Racconta la sua odissea.
«E’ cominciata quando avevo 10 giorni di vita ed è terminata a dodici anni. Era necessaria per la deformazione dell’anca e l’ipoplasia congenita del femore destro. I primi ricordi sono di quell’odore insopportabile di anestetico nella mascherina. Una volta ho chiesto ai medici di non fare l’anestesia orale, ma con l’iniezione, però quando mi stavo addormentando ho sentito di nuovo la mascherina, volevo dimenarmi ma non ci sono riuscito. Questa ansia da sala operatoria me la porto dietro ancora adesso. Anche se col tempo l’odore del cloro ha allontanato quello dell’anestetico».
A Tokyo 2020 ha vinto i 50 stile, più 2 argenti e 1 bronzo, ma non è mai sembrato troppo soddisfatto.
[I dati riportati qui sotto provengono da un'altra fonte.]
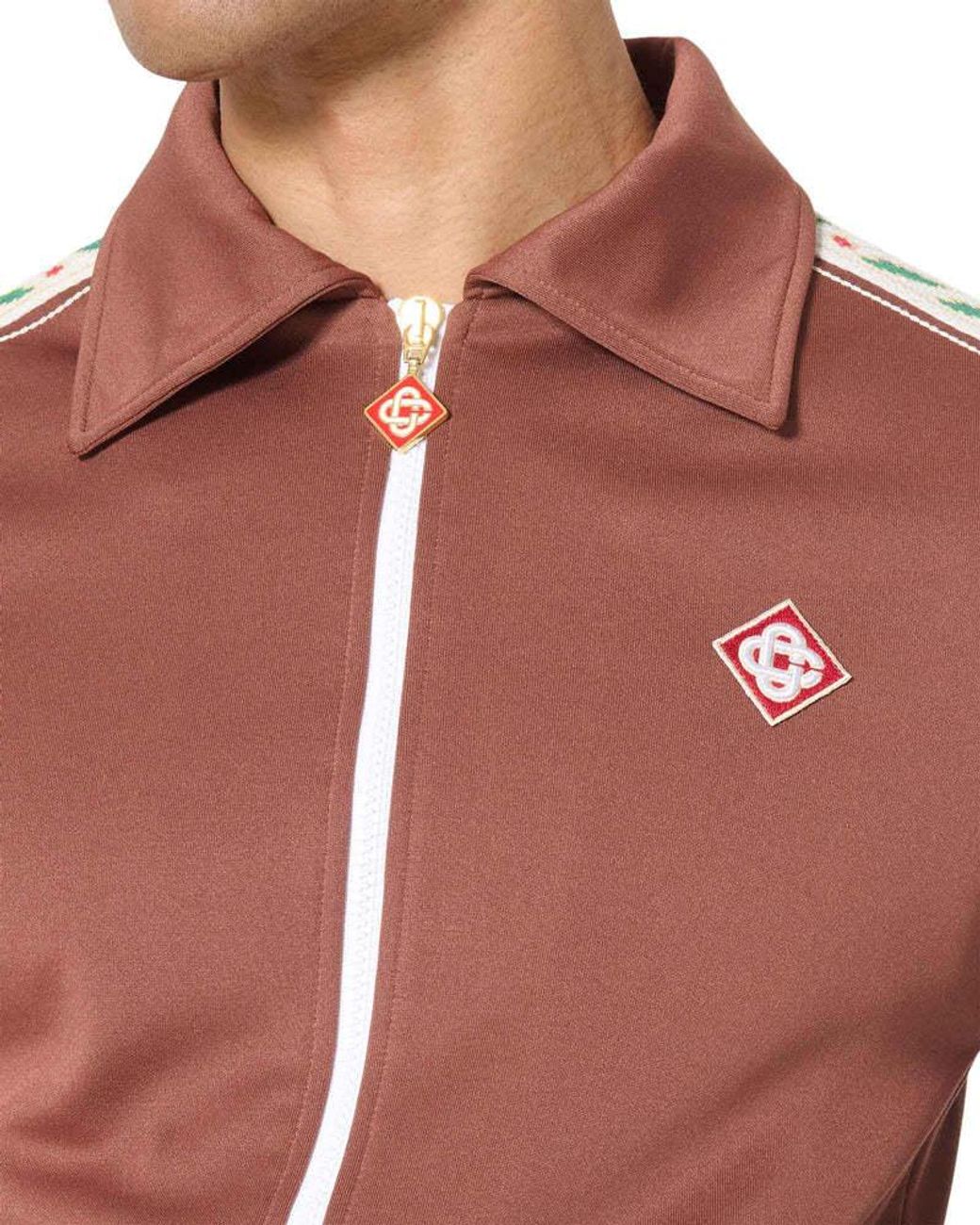 Casablanca Brown Laurel Track Jacket for men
«Infatti ho perso il sorriso per preparare i Giochi. Ho fatto vita monastica, non vedevo i familiari e gli amici, solo online. Ero talmente preoccupato di fare bene, che ho perso il senso del divertimento per andare dietro alla maniacalità. La vita da eremita non mi ha fatto bene. È stata la cosa peggiore dopo il periodo buio che è stato il Covid: perdita di relazioni, amorose e non, pensieri che circolavano nella testa. Nuoto- mangio-dormo, una routine ripetitiva».
Come ne è uscito?
«Ne ho parlato con Michela Fantoni, psicologa che lavora anche col Milan. Riuscire ad ammettere le debolezze, parlare col cuore, ti può anche riempire di orgoglio, se sei un atleta abituato a dover essere sempre al top. Il cervello comanda: se il corpo sta bene e la testa no, non basta, se la testa sta bene e il corpo un po’ meno, è sempre la testa a decidere. Poi ho cambiato schema. Ora mi alleno con un gruppo nuovo, una squadra agonistica di normodotati al centro sportivo della Bocconi. Coi miei coetanei sento meno pressioni, ho ritrovato l’amore per l’acqua. Senza più
impazzire».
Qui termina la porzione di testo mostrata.